Eric Damon Smith’s Bassanio is quite refreshing. He spends a lot more energy fawning over Portia that scowling at Shylock, and his lovesick sighs, though a bit excessive, are sweet. Smith’s vocal talent is apparent, and Shakespeare’s words flow quite naturally and conversationally out of his mouth.
Shawn Ketchum Johnson’s scenic design, with props by Steve Rosse, is quite effective in the trial of the casks scene. This is a lovely device, and when staged well, it takes on mythic proportions. The trick of the riddle — Portia’s suitor being asked to “hazard all” on the lead casket — feeds well into the other themes of the play. A particularly revealing moment comes when Bassanio’s gifts are brought on stage, bolts of fabric that come out of a large chest that seems downright gaudy when upstaged by the simple gold, silver and lead caskets of the famous riddle. The gesture highlights Bassanio’s recklessness quite well: Portia is the one woman in the world who clearly cannot be bought by flashy gifts.

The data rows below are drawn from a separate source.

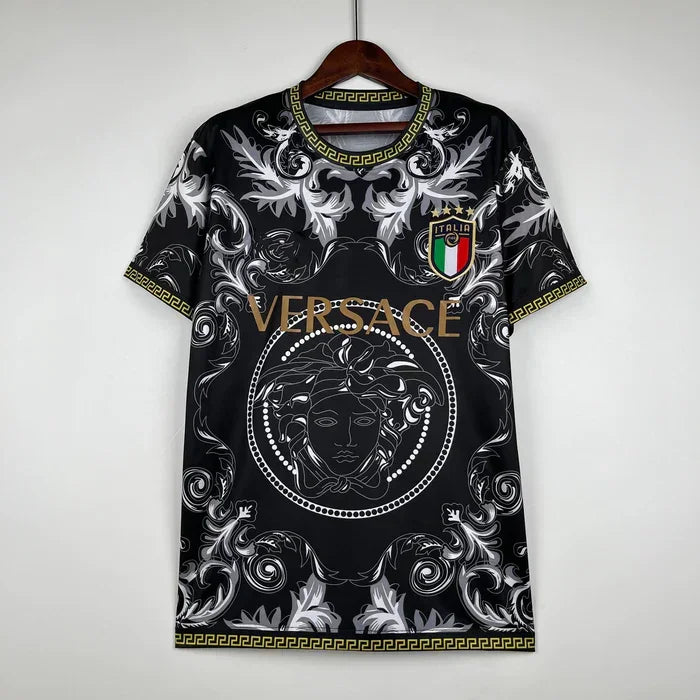 Italy Shirt 2023-2024 collab Versace Black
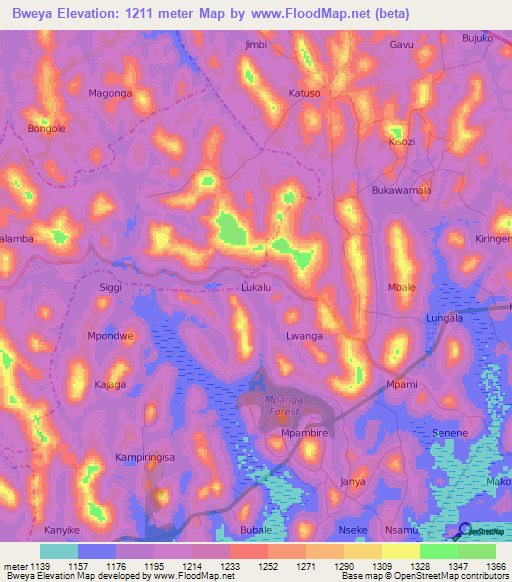 Bweya,Uganda Elevation Map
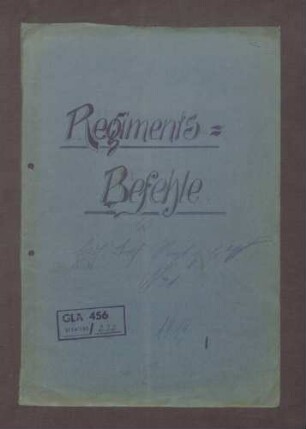 Regiments-Befehle des Freiwilligen-Regiments von Baumbach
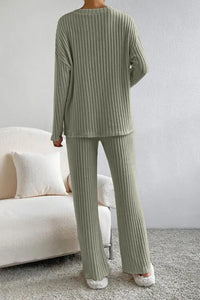 Ribbed V-Neck Top and Pants Set Trendsi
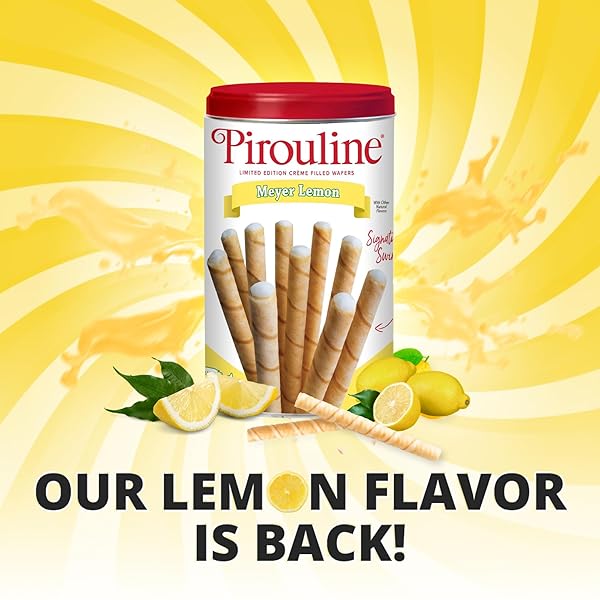 PIROULINE CREME FILLED WAFERS COOKIES – MEYER LEMON FLAVORED – 14.1 OUNCE (400 GRAM) CAN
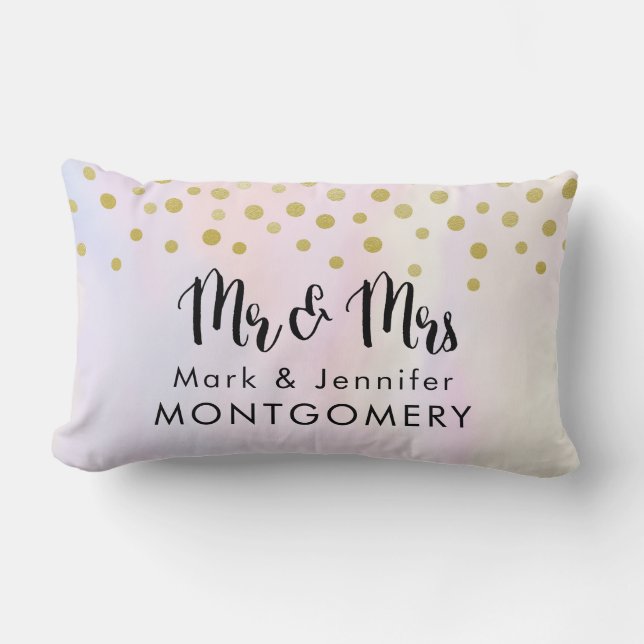 Faux Gold Confetti on Purple Watercolor Wedding Lumbar Pillow (Front)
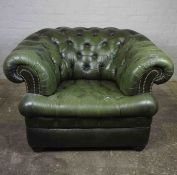 Chesterfield Club Style Green Leather Armchair, 75cm high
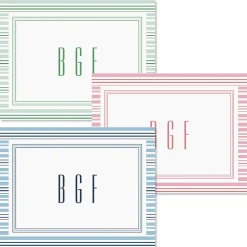 Stripes Monogram Note Cards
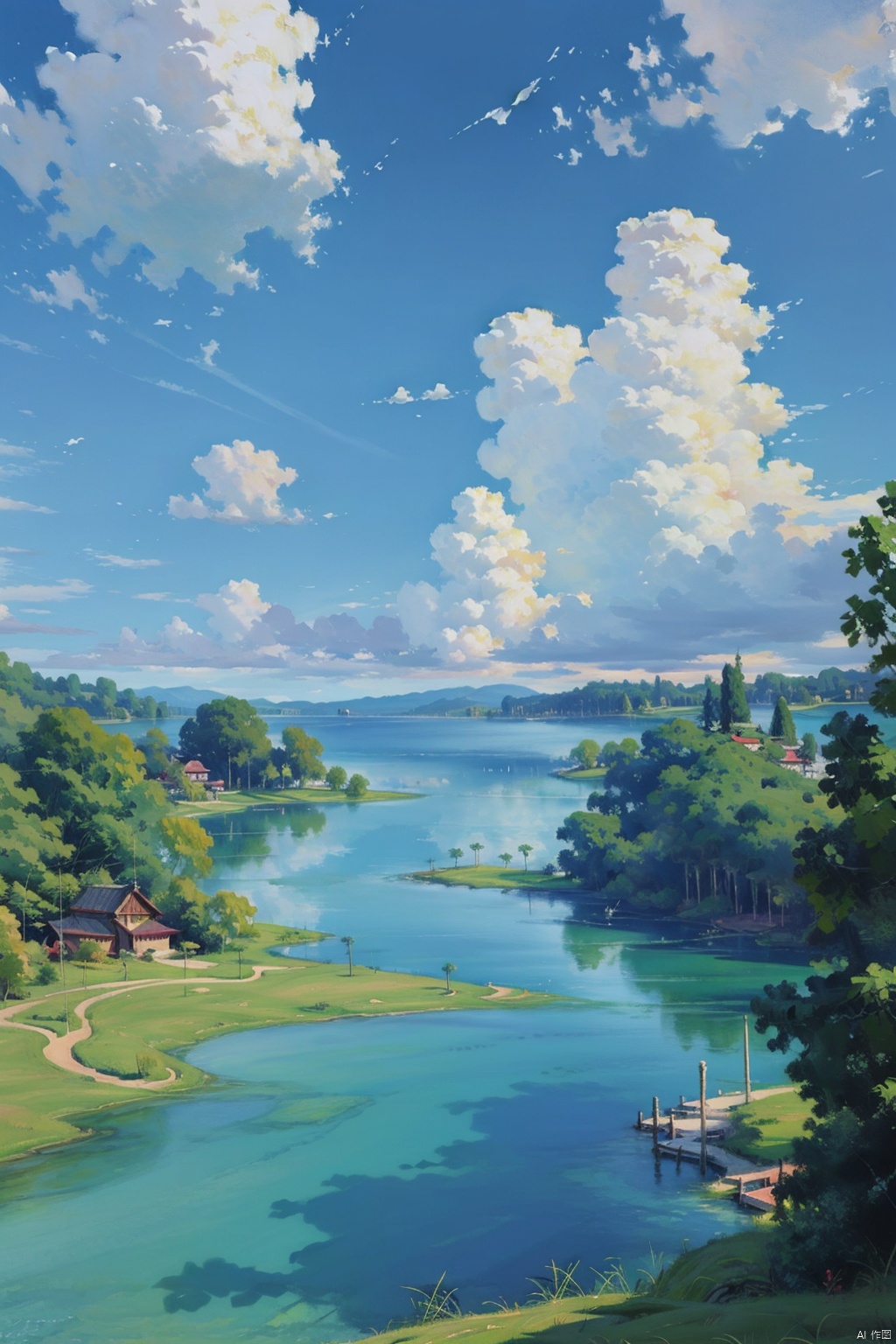  (best quality,masterpiece, original, extremely detailed 8K wallpaper)((absurdres)),(ultra-detailed),The shimmering lake water, the sky filled with clouds. Reminiscent of a Monet painting with a touch of Studio Ghibli style, featuring high saturation, a scenic lake view, fluffy clouds, natural light, wide-angle lens, stillness, and tranquility., cozy anime, watercolor, bichu, 2D ConceptualDesign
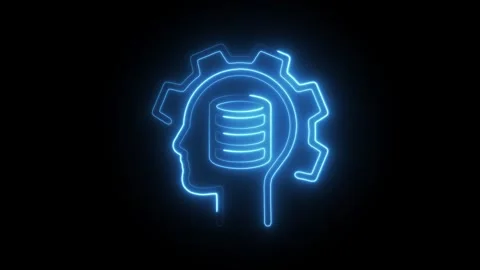 Glowing neon data interpretation icon isolated on black background. HD Vide.. Stock Footage 304116824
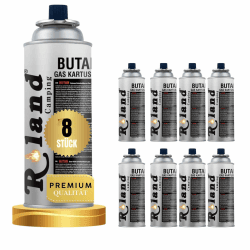 Roland Camping Butan Gaskartusche 227g – 8 Stück Gaskartuschen für Gaskocher, Lötbrenner & Heizung – Schweißbrenner Premium Qualität Butangas für Outdoor & Camping (8Stück ohne Gasbrenner) Angebot bei HelloDeals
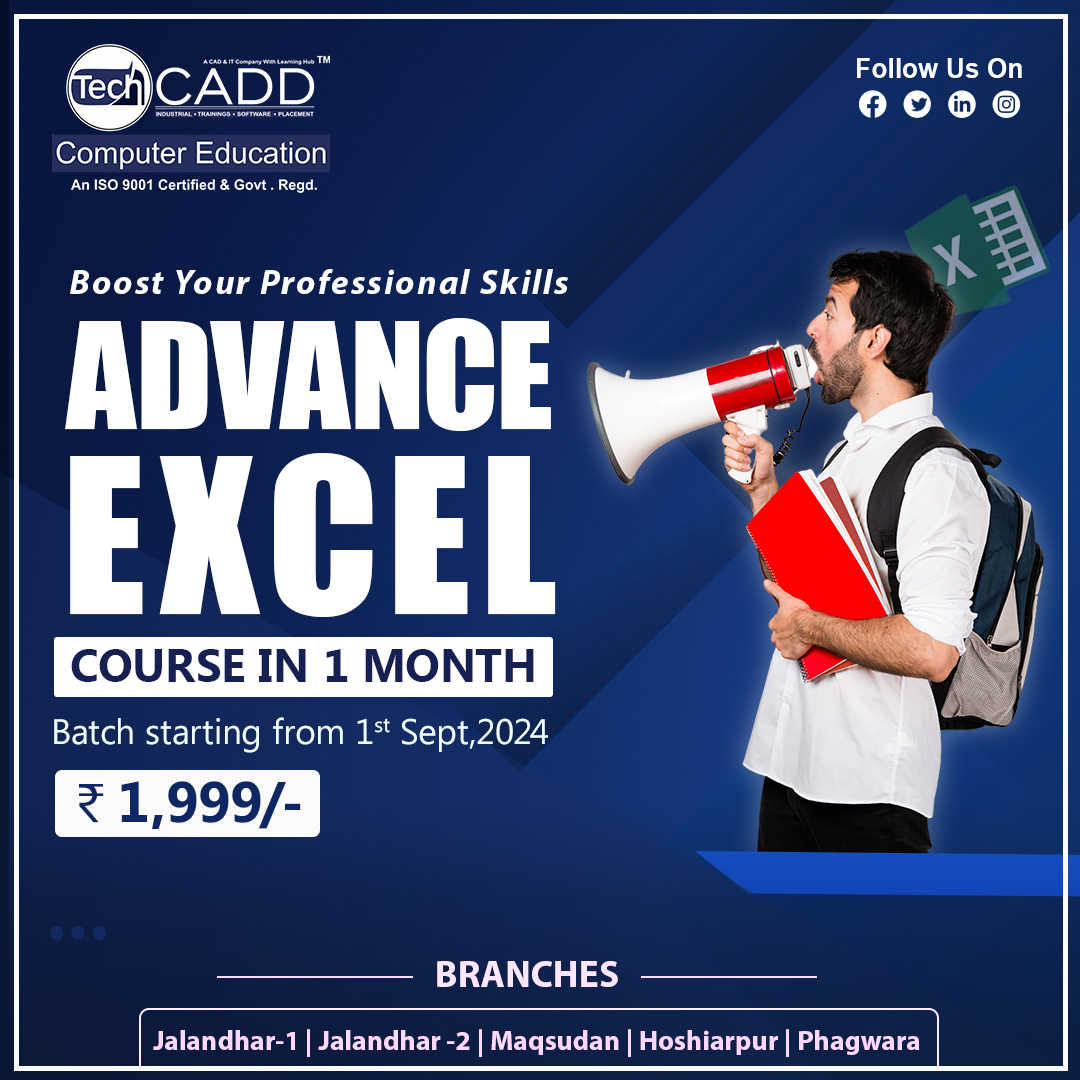 Best Advance Excel Training and Course Jalandhar, Punjab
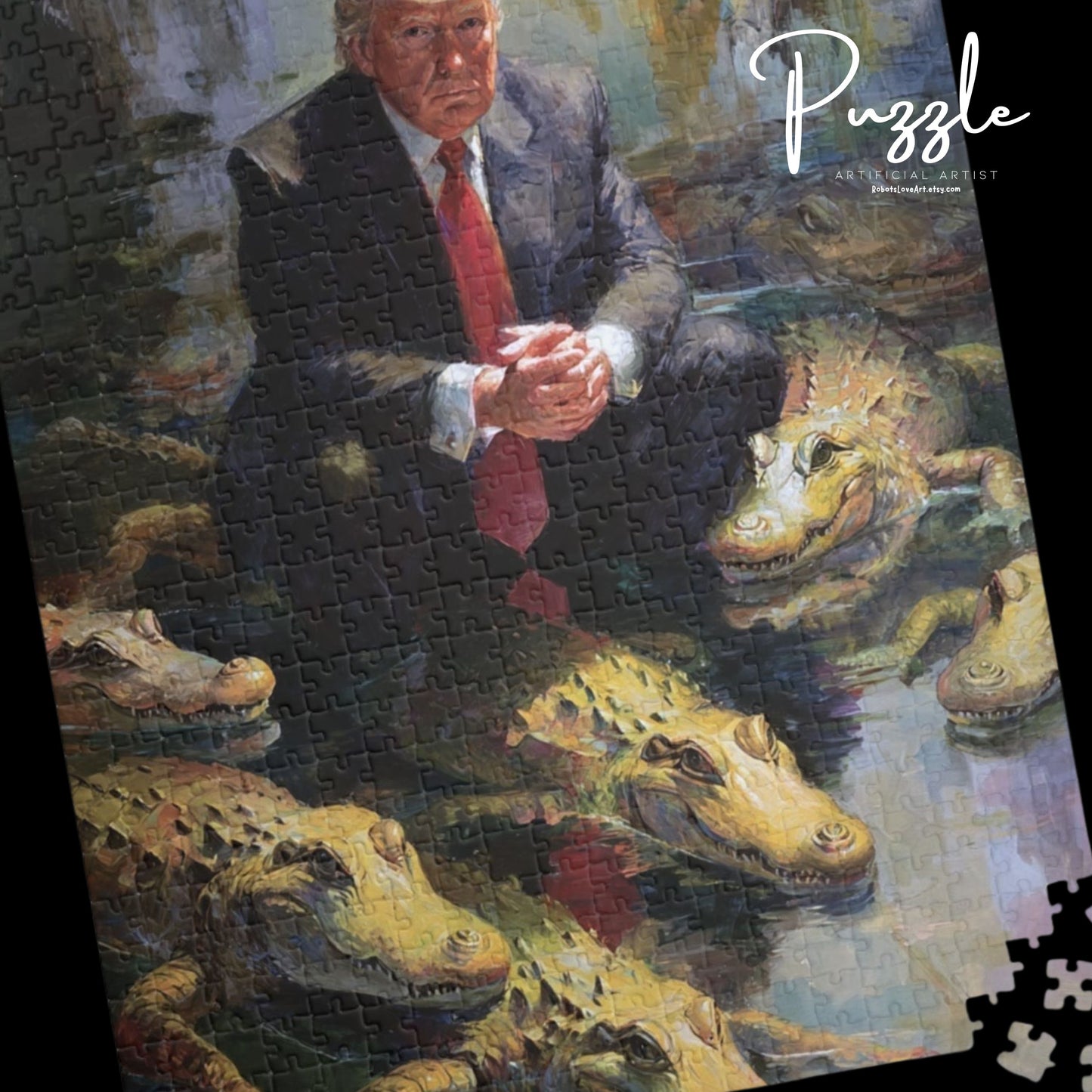 Donald Trump Crocodile Puzzle - 110, 252, 520, 1014-piece | Alligator Alcatraz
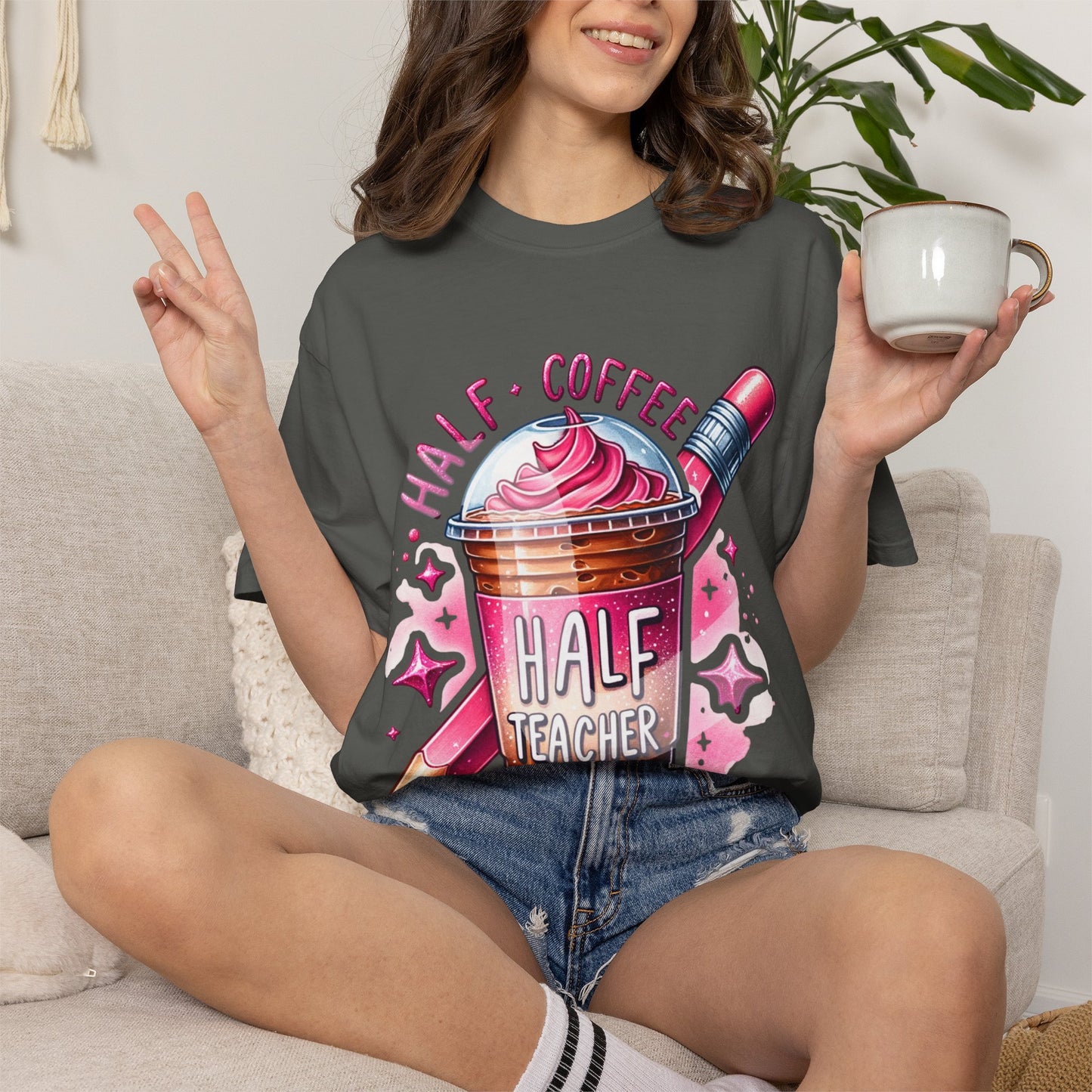 Half Teacher Coffee T-Shirt —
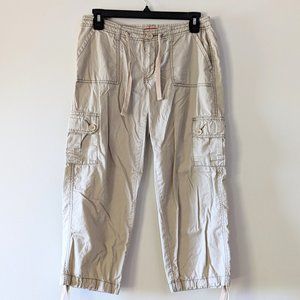Vintage y2k Cargo Pants Bum Equipment Khaki Capris Casual Pockets Beige Neutral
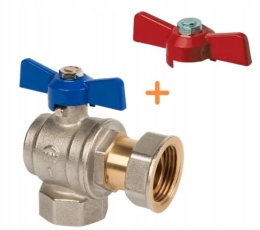 INVENA ZK-54-R20 - ZAWÓR KULOWY KĄTOWY PÓŁŚRUBUNEK NIEBIESKI CZERWONY MOTYL 3/4 DN20 GW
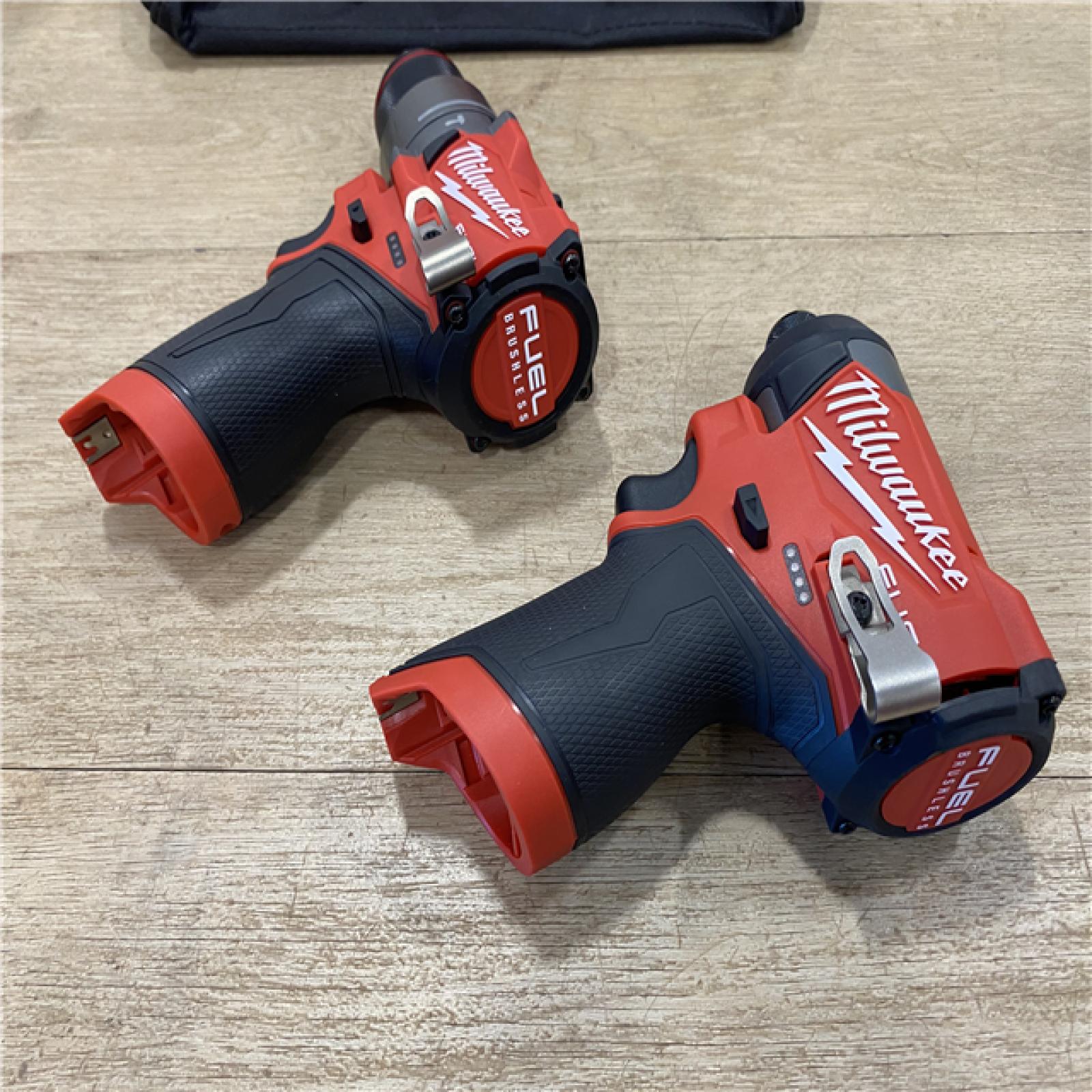 AS-IS Milwaukee FUEL 12-Volt Lithium-Ion Brushless Cordless Hammer Drill and Impact Driver Combo Kit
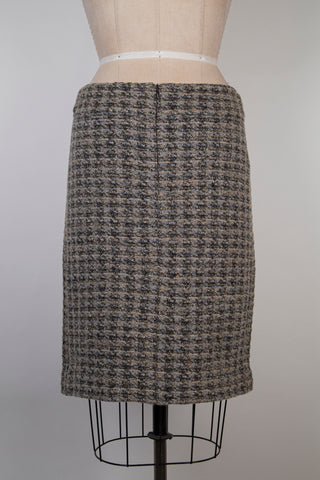 Soft blueish greige tweed skirt (10)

In order to win her, he needs not borrow a single ducat, but only be the man humble and faithful enough to solve her father’s riddle. But in his eagerness to please, he has asked Antonio for money to court her, which creates the debt to Shylock that sets the entire plot in motion. A very precarious house of cards is built upon Portia and Bassanio’s rocky romance, especially as both Bassanio and Gratiano are so quick to belittle their wives when they think they are alone among men. The contrast between the fairy-tale courtship that takes place at Belmont and the harsh economic realities of Venice brings up a lot of intriguing questions about love, marriage, and social contracts in general, and the connections between the subplots of the play are very clear in this production.
Anton Chekhov said that the job of the artist is not to solve problems for his or her audience, but simply to state them correctly. There are a great deal of questions large and small in Merchant, and if they haven’t been answered in the past four hundred years they’re not likely to be answered in the next. What is clear, however, is that Riverside Theatre has made a fine effort at stating these problems correctly.
The Merchant of Venice, with support from a grant from the National Endowment for the Arts, is offering a talkback following every performance. I highly recommend you go see this intriguing play, and stay afterward to discuss the material with the talented and passionate artists involved. The Merchant of Venice runs through July 7, in repertory with As You Like It, at Lower City Park in Iowa City. Tickets begin at $27, with discounts for students and seniors.